#### What the task asks:
Each line below must be reproduced exactly, though the pictures are to be dropped.

#### Recorded information:
········

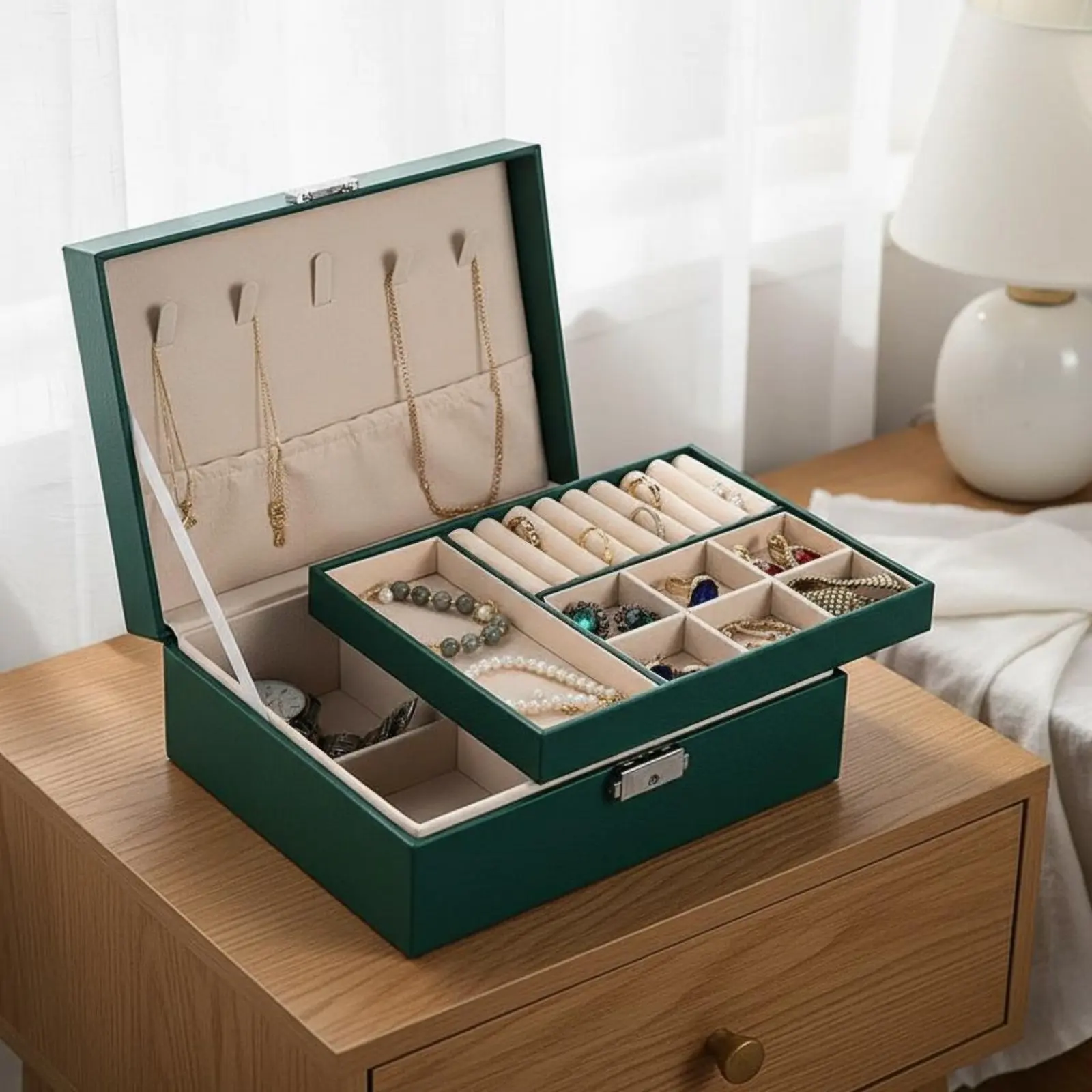 

Шкатулка для украшений с надежной металлической застежкой, вместительный футляр для хранения ювелирных изделий, коробка для аксессуаров с мягкой роскошной текстильной подкладкой для туалетного столика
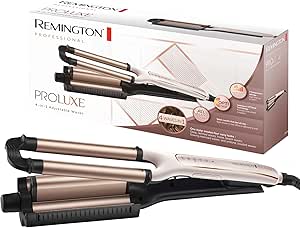 Remington CI91AW ProLuxe 4’ü 1 Arada Dalgalayıcı: Plaj Dalgaları, Doğal Rahat Dalgalar, Su Dalgaları, Deniz Kızı Dalgaları (Dijital Ekran, 210°C’ye kadar Sıcaklık Kontrolü), Saç Maşası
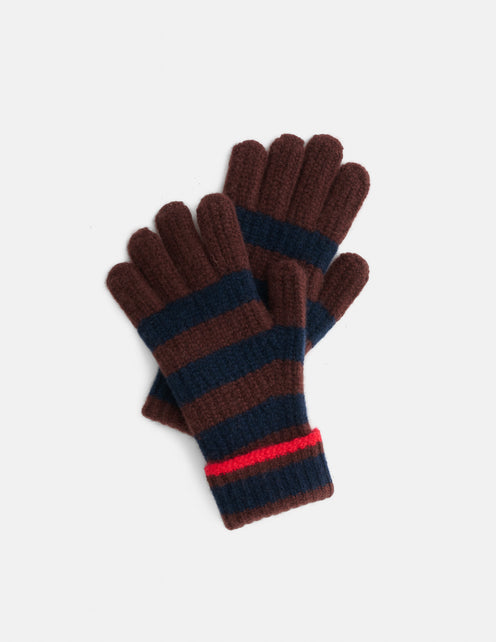 Cashmere Striped Knit Gloves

········

#### Response area:
Шкатулка для украшений с надежной металлической застежкой, вместительный футляр для хранения ювелирных изделий, коробка для аксессуаров с мягкой роскошной текстильной подкладкой для туалетного столика
 Remington CI91AW ProLuxe 4’ü 1 Arada Dalgalayıcı: Plaj Dalgaları, Doğal Rahat Dalgalar, Su Dalgaları, Deniz Kızı Dalgaları (Dijital Ekran, 210°C’ye kadar Sıcaklık Kontrolü), Saç Maşası
 Cashmere Striped Knit Gloves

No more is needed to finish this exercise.